With the rescue system I can mount the system partition and inspect it. I wander a little bit through the different folders, and everything looks normal and I can open all files that I tested and they .

Best
Torsten

Anybody any idea what could be the reason, that the system doesn’t know the users anymore?
Does have anybody a good side where it is explained, how linux verify, if a user exists? Maybe I find an idea there.

How do I use snapper to roll back to an snapshot if I can’t get into the system?

Best

There is not enough information to guess. As you can post logs, your system can write. Boot your system, try any command that returns information about users, like “getent passwd mysql” or “if mysql” for any user that is logged as non-existent. If it fails to return correct information, run it under strace to see where it possibly fails. This may give some starting point.

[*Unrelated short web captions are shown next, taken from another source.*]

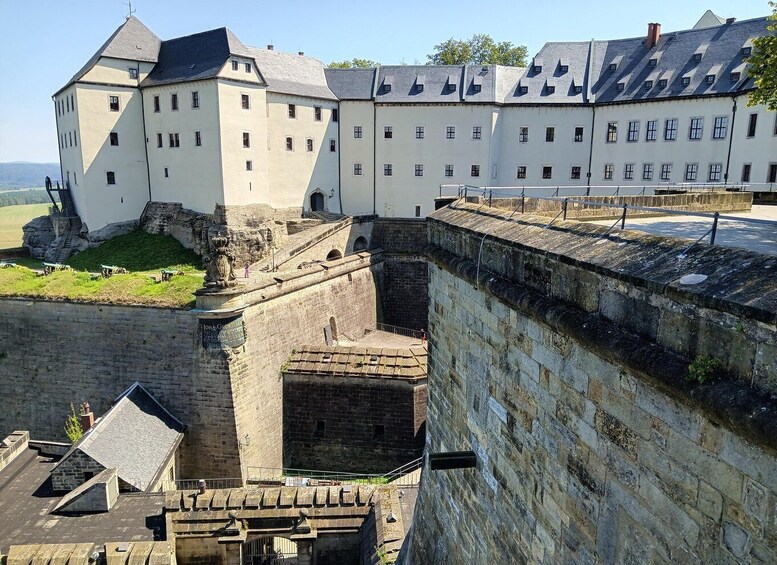 A historic castle with a fortified wall and a large building with multiple windows. 1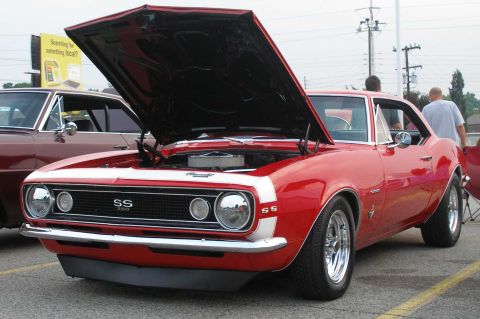 1998 Ford Crown Victoria - A red 1967 Chevrolet Camaro SS is parked with its hood open, next to another vehicle.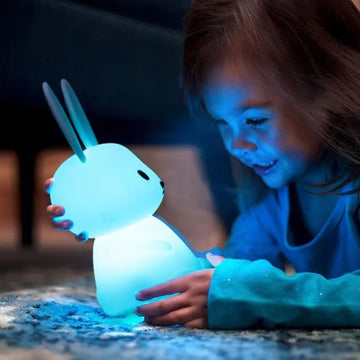 Young girl lying on floor cradling glowing blue silicone rabbit night light, face illuminated in the dark
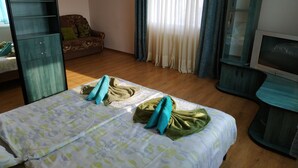 A hotel room with a bed, a wardrobe, a television, and a sofa.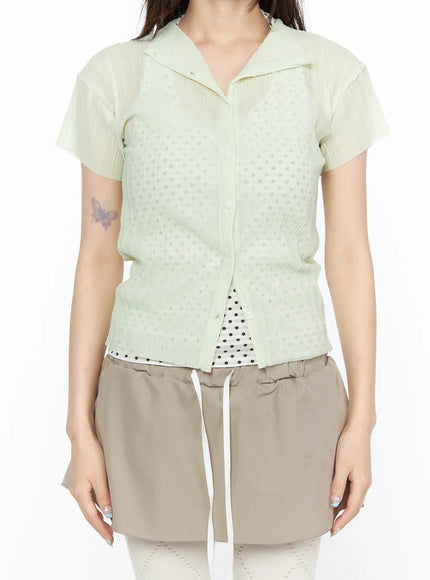 Sheer Pleated Short Sleeve Cardigan CL523 Light green close-up front detail view showing camp collar button placket dot-jacquard sheer body and pleated sleeves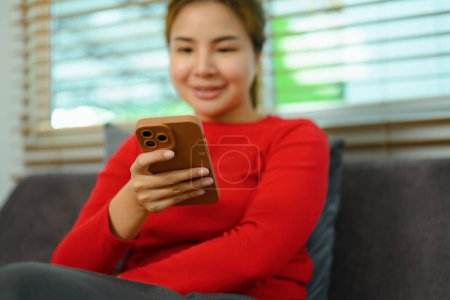 Foto de Mujer joven feliz usando el teléfono móvil en el sofá, pasar el fin de semana tine en casa. - Imagen libre de derechos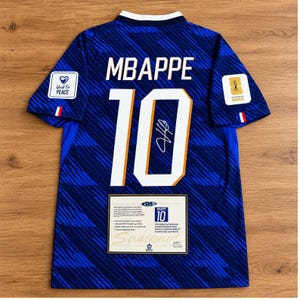 Puede incluir: Una camiseta de fútbol azul oscuro con el nombre MBAPPE y el número 10 en blanco junto a una firma negra. Las mangas tienen parches que dicen World For PEACE y FIFA WORLD CUP 2022. Se incluye un certificado de autenticidad rectangular.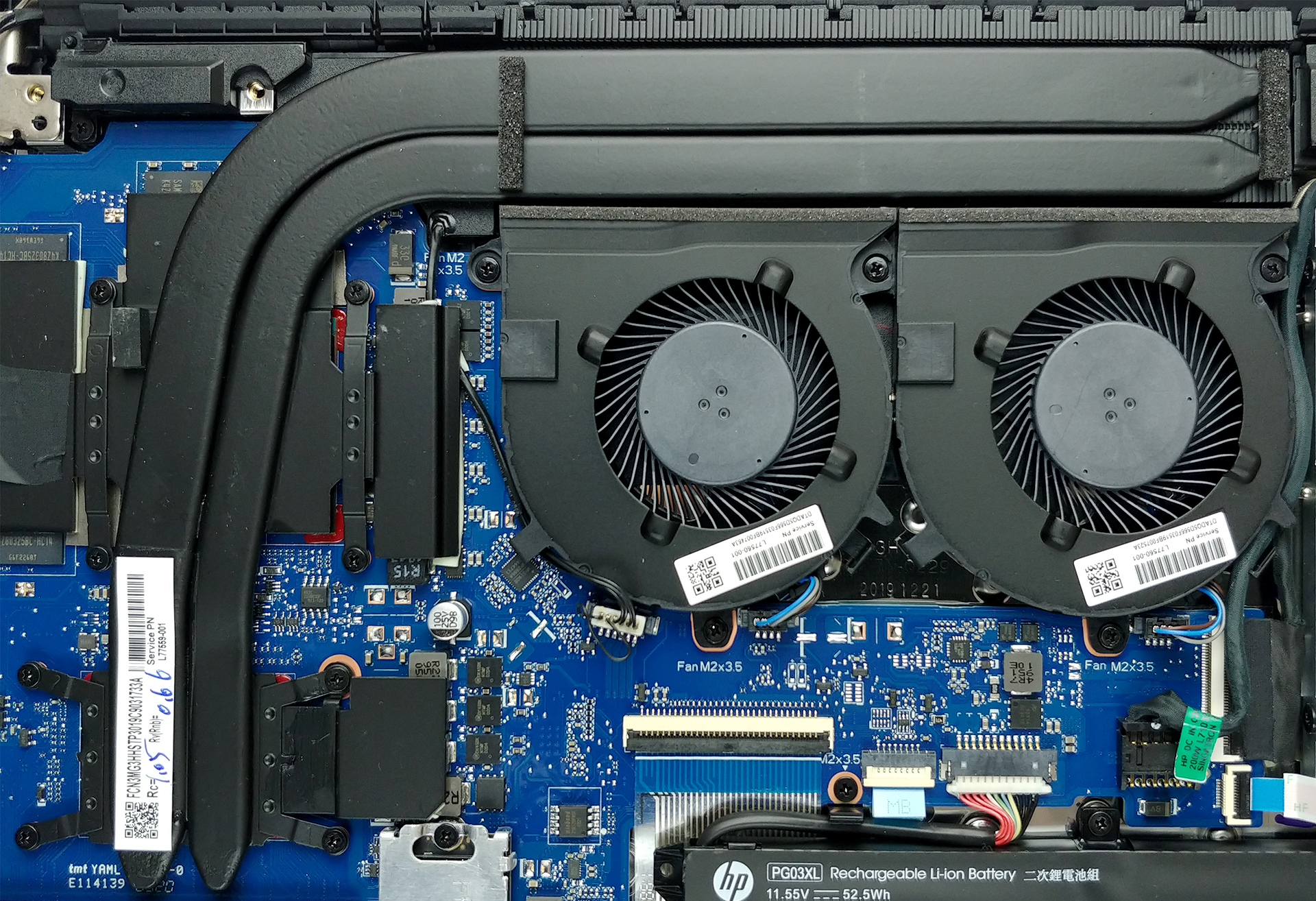  The image shows the internal components of a HP gaming laptop, including the cooling fans, battery and motherboard.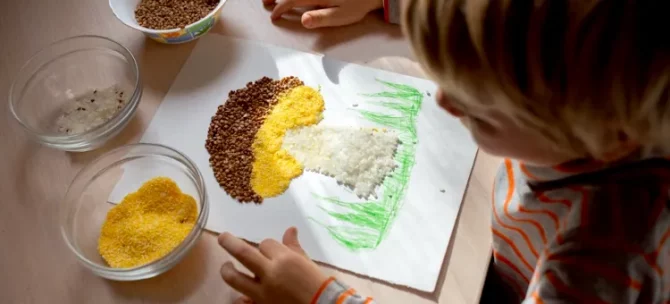 Małe dziecięce dłonie w trakcie zajęć sensorycznych formują obraz kaszą na jasnym drewnianym blacie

How do I use snapper to roll back to an snapshot if I can’t get into the system?

You mean - after reading documentation? Do you have specific question?

Hello arvidjaar,

thanks for the reply.

The problem is, that I cannot get into the system when I normally booting, because the system does not accept any user information.

So I can only start a rescue system for usb stick and look from there or make a chroot. But there everything seems normal. Also “getent passwd mysql” is working perfectly fine.

All the snapper documentation I found assumes that you are logged into the system. I didn’t found anything, if you only have a rescue system. Just chroot does not seems to be a solution, because I get told, that the config for root is missing.

So I am thankful for every hint what I can do.

Best

Also not root? Can you log in in run level 1? What happens if you try “init=/bin/sh” to exclude any system initialization at all?

All the snapper documentation I found assumes that you are logged into the system.

Yes, you boot into one of previous read-only snapshots. Did you test it? Does it also fail?